Directions for this task: Would you please repeat all of the data exactly, omitting the pictures?
**** Information shown
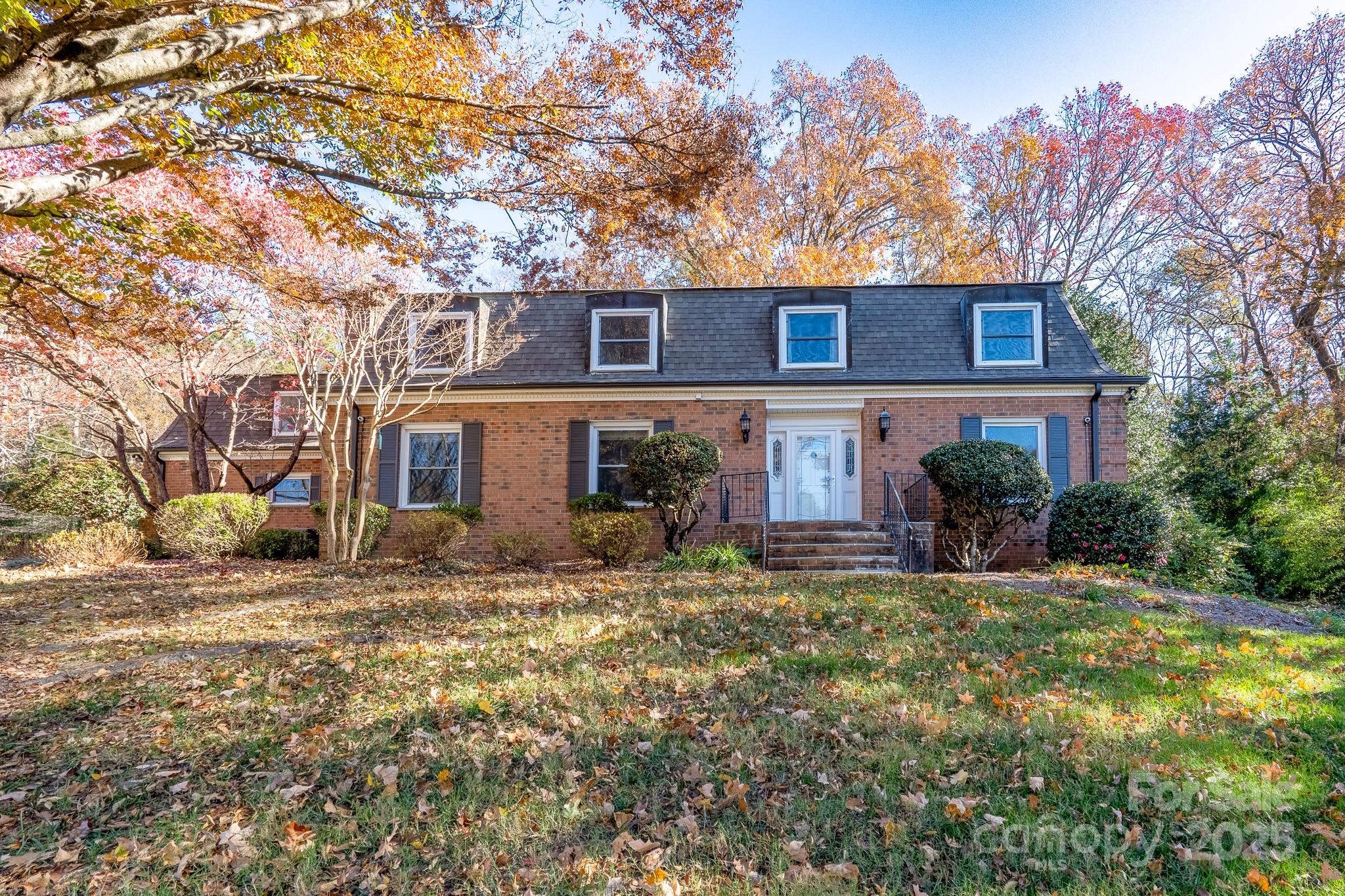 758 Williamsburg Drive Property Photo 1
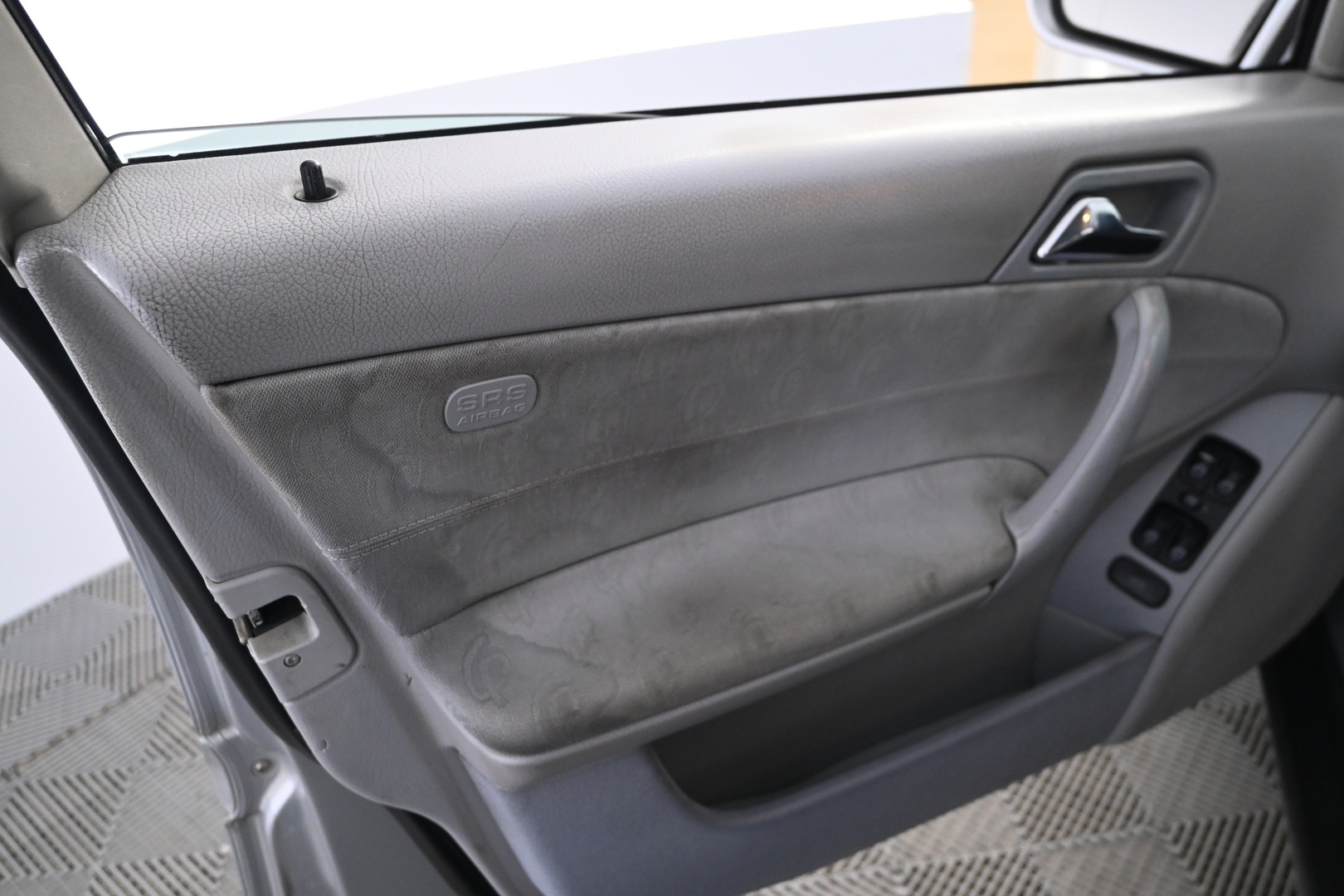 MERCEDES-BENZ C 2004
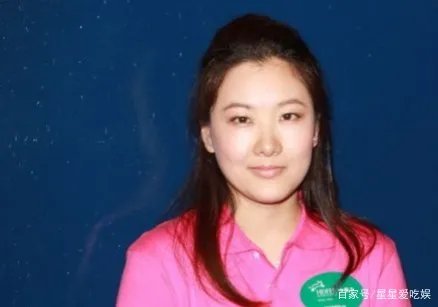 梁锦松被传婚内出轨，伏明霞立即提出离婚，她没有想象中那么傻，你怎么看？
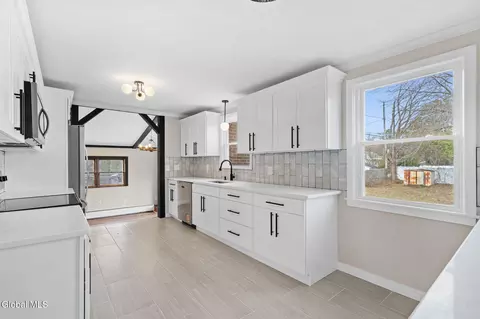 Kitchen - 32 Priscilla Ln, Schenectady, NY 12306 photo 1 of 4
********
Response:
 758 Williamsburg Drive Property Photo 1
 MERCEDES-BENZ C 2004
 梁锦松被传婚内出轨，伏明霞立即提出离婚，她没有想象中那么傻，你怎么看？
 Kitchen - 32 Priscilla Ln, Schenectady, NY 12306 photo 1 of 4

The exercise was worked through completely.